● **What needs to be done**: Return the listing that follows exactly, with no pictures included.

● **Information provided**:

◆ ◆ ◆ ◆

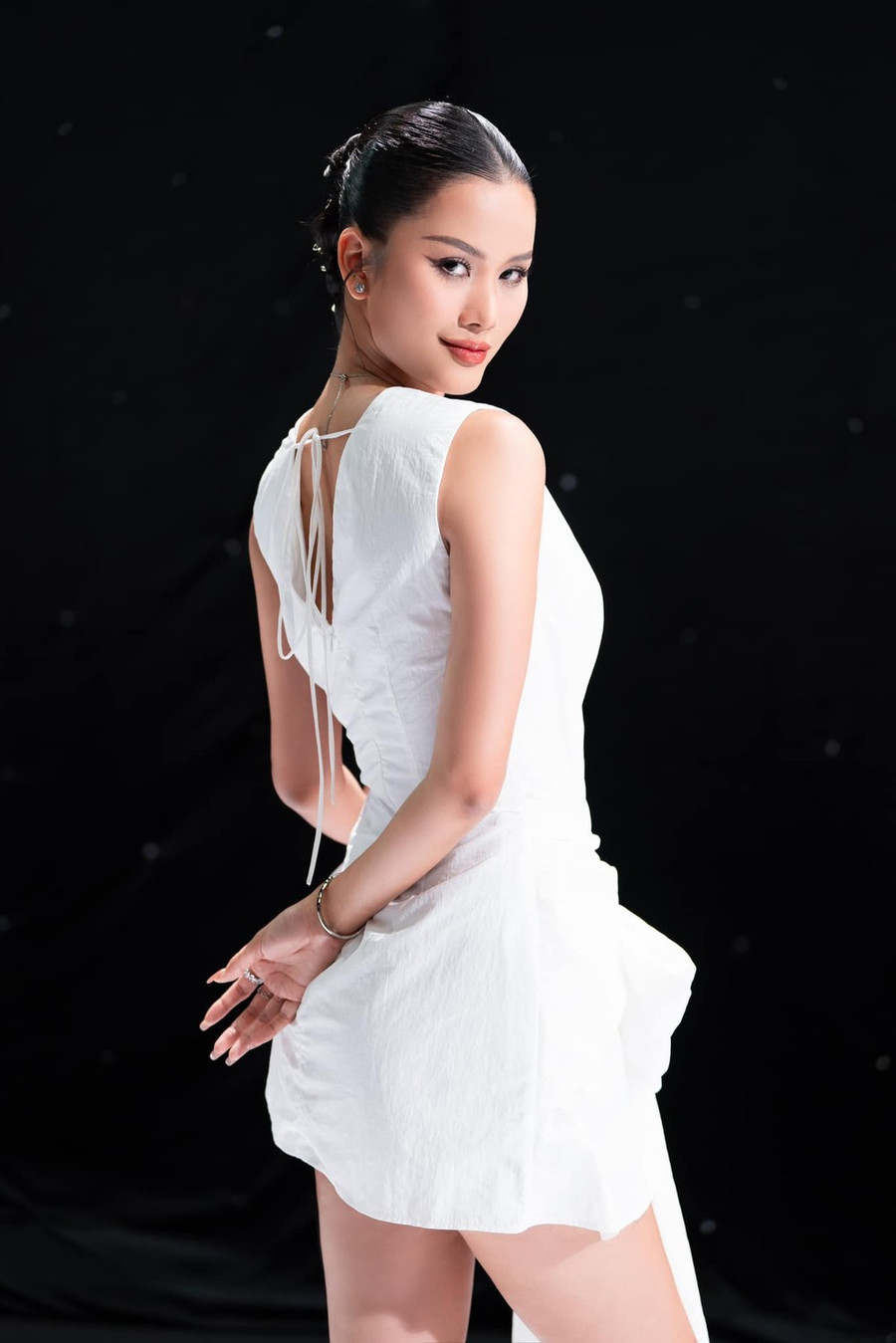 Á hậu Hương Ly tham gia với vai trò giám khảo, người đồng hành cùng cuộc thi. (Ảnh: BTC)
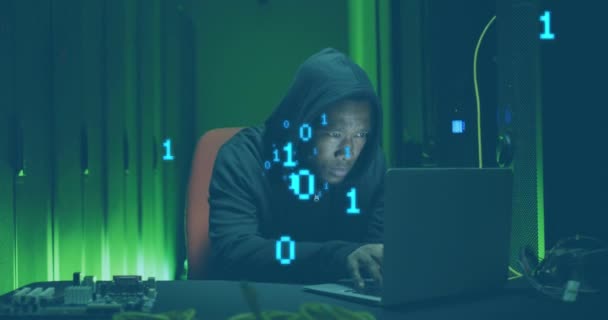 アフリカ系アメリカ人の男性ハッカーに対するバイナリコーディングのアニメーションは コンピュータサーバー室でラップトップを使用しています サイバーセキュリティとビジネスデータストレージ技術のコンセプト — ストック動画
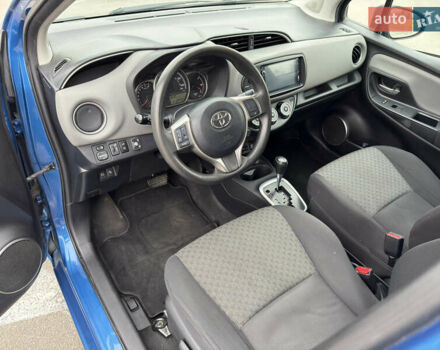 Синій Тойота Яріс, об'ємом двигуна 1.5 л та пробігом 99 тис. км за 11500 $, фото 35 на Automoto.ua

◆ ◆ ◆ ◆

● **Completed exercise**:
 Á hậu Hương Ly tham gia với vai trò giám khảo, người đồng hành cùng cuộc thi. (Ảnh: BTC)
 アフリカ系アメリカ人の男性ハッカーに対するバイナリコーディングのアニメーションは コンピュータサーバー室でラップトップを使用しています サイバーセキュリティとビジネスデータストレージ技術のコンセプト — ストック動画
 Синій Тойота Яріс, об'ємом двигуна 1.5 л та пробігом 99 тис. км за 11500 $, фото 35 на Automoto.ua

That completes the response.